Lately I’ve been having some upside downs. I guess the excitement of the first week is gone now. A little update: I’ve found a nice flat 20 min from the beach with some lovely flatmates and I’ve found a job in a lovely cafe 10 min walking from home. I’ve basically have built a new life in two weeks and somehow it feels boring and empty.
I think I haven’t connected with Sydney and I’m the type of person that needs to connect with places to feel alive. So, what’s wrong? I’m not quite sure yet! Maybe it’s too early to make conclusions but I just have this feeling that this is not my place. Since I’m here I can’t write nor take pictures or film anything. I’m blocked. And again, I have nothing to complain about. I’m fine, I’m good.

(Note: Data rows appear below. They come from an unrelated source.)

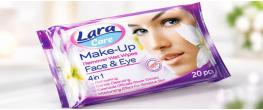 LARA Make-up vlhčené ubrousky 20ks – neutrální vůně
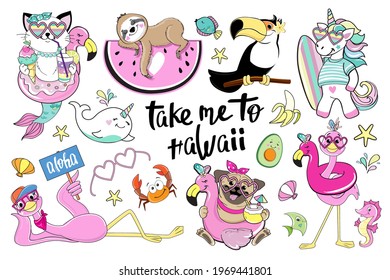 Set of summer cartoon animals stickers. Vector illustration of funicorn, toucan, flamingo, pug dog, sloth, cat mermaide. Design for t-shirts, greeting card, birthday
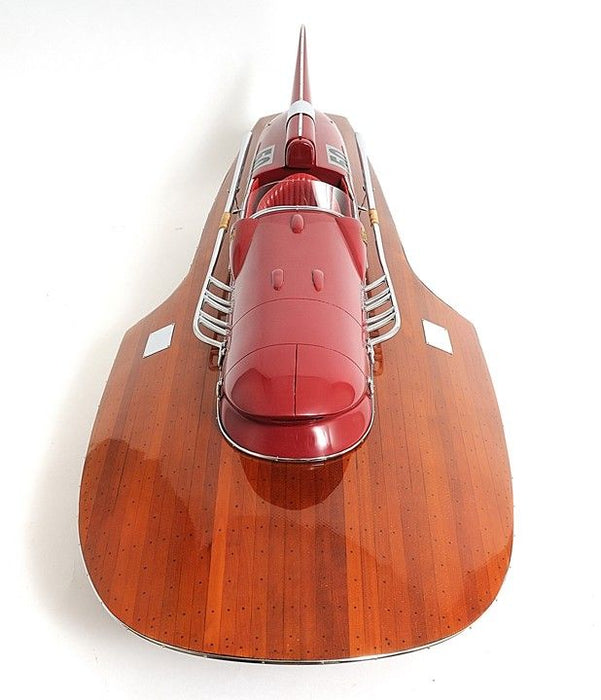 Ferrary Hydroplane RC Ready Boat Hand Painted Decorative Boat - Brown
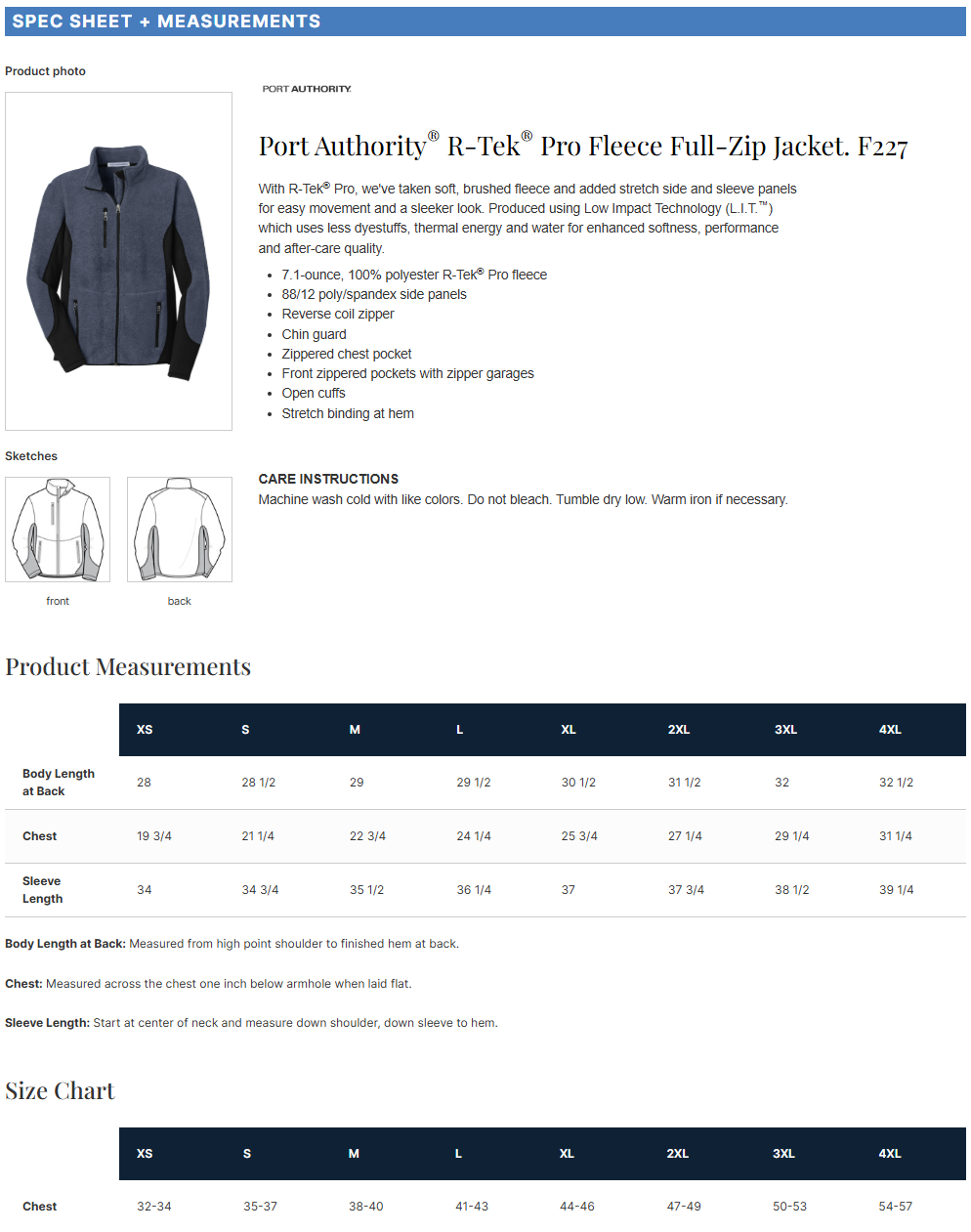 F227 Port Authority® R-Tek® Pro Fleece Full-Zip Jacket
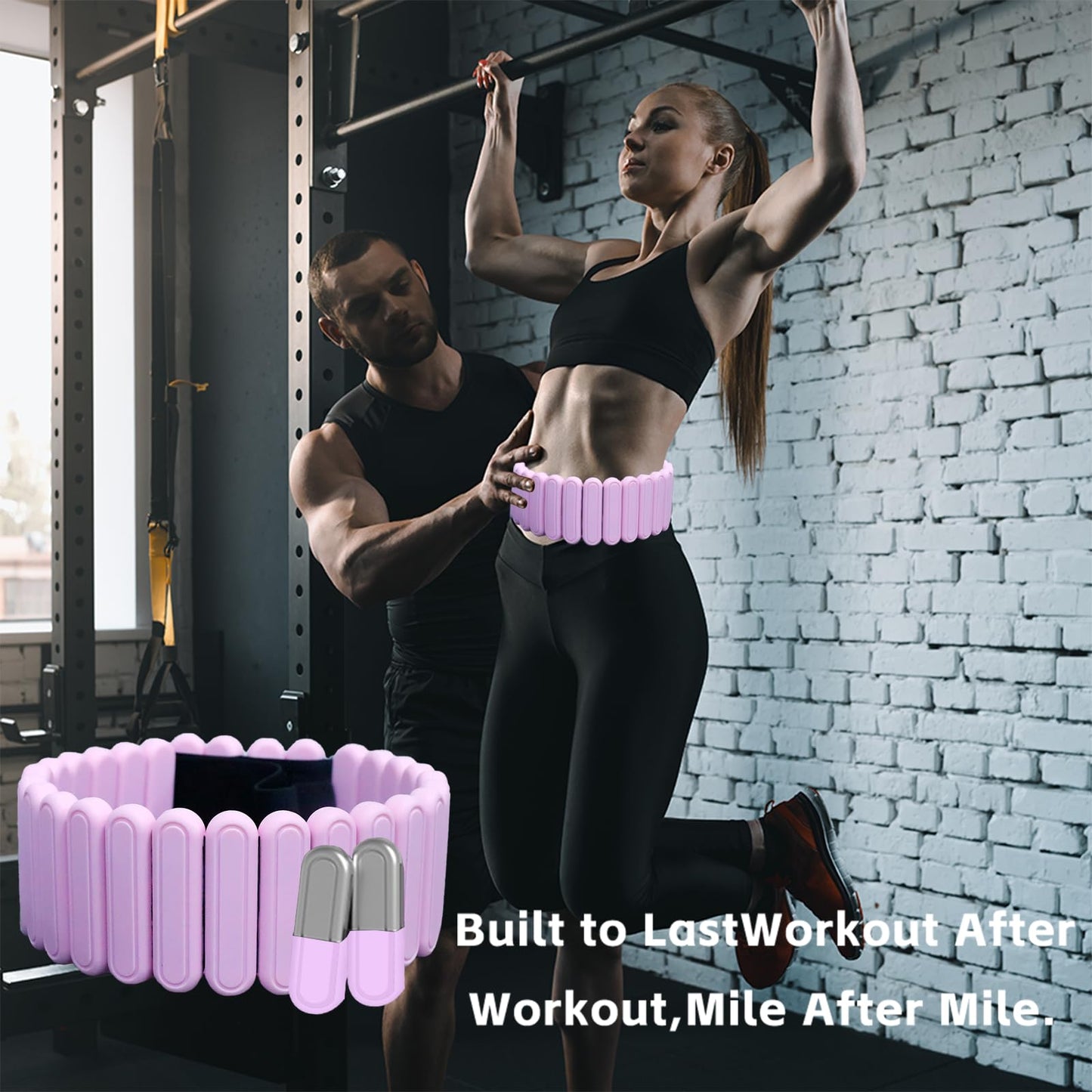 BBK Up to 5 LBS Adjustable Weighted Belt For Women and Men, Weighted Walking Exercise Belt for Gym, Strength Training, Wrist & Ankle (Pink)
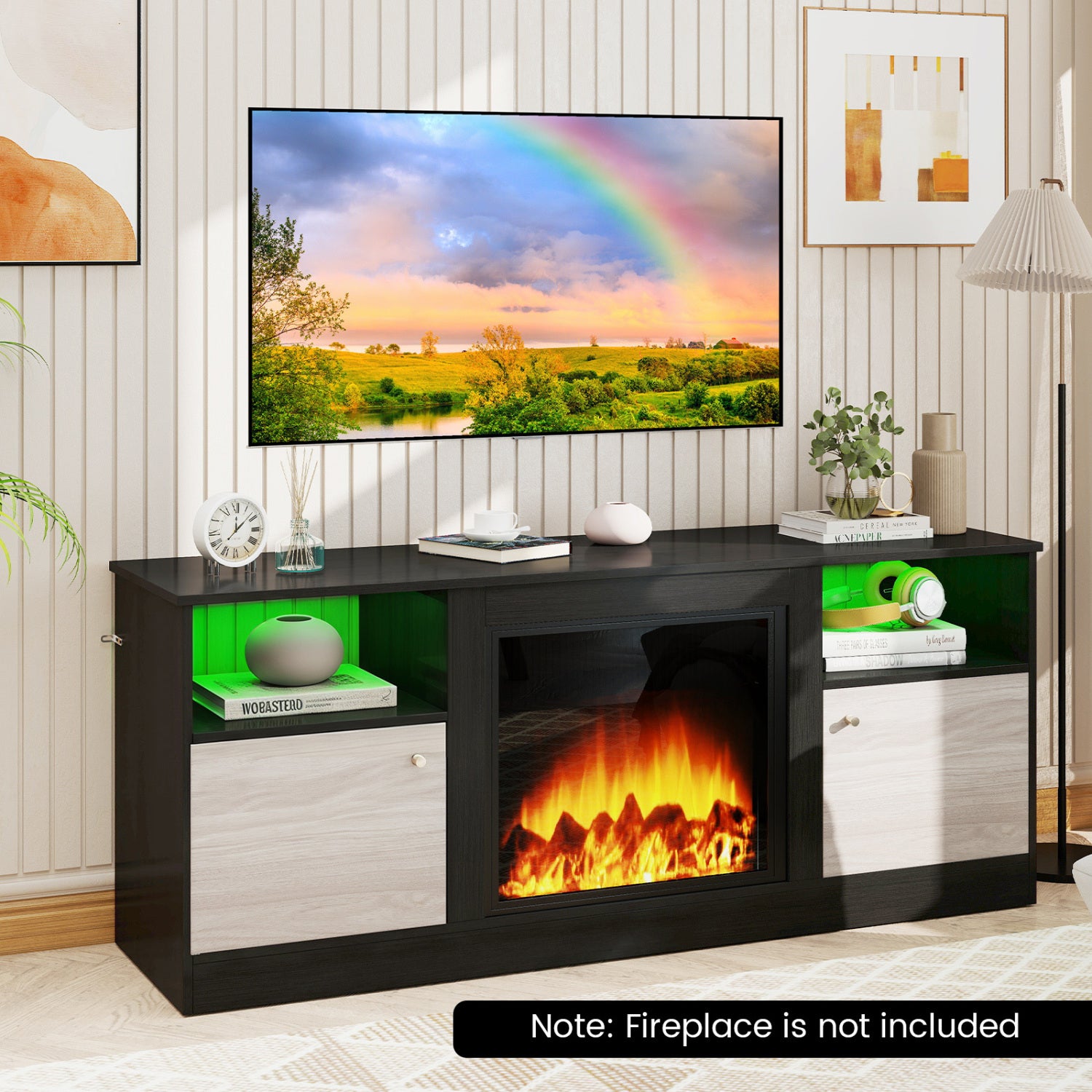 Entertainment Center with Adjustable Shelf & Open Compartment for 65” TVs, Black Entertainment Centers & TV Stands at Gallery Canada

Maybe my expectations were too high. Why would Sydney have to be different from anything I know? Maybe I’m too tired with this job. Maybe it’s too cold outside. Maybe it’s not as spectacular as it was pictured in my head. Maybe I can’t understand aussies. Maybe…
And I’m learning, I know I am and I’m glad that I came, just to make sure I’ll never regret not coming. But my head is a mess right now and I don’t know which is the next step!
On another note, the other day I went to the Blue Mountains National Park. I think it’s worth to visit on Sundays, because you can get there for just 2,50$ (and that, my friends, in Australia, is a bargain)! And it’s always nice to walk a little bit in the woods and breathe fresh air.
Don’t get me wrong, I don’t hate Sydney, I just don’t love it. And I want to be honest with you guys, I want to tell you the truth, or at least my truth.
I still have a lot of things to learn and places to visit and I’m sure that eventually I’ll find a little space in this country where I can feel myself, and if I don’t, I can always come back home and I’ll have learned from the experience!! I think that’s all for now, I wish I could be able to post more often, I’ll try to do my best to keep you updated.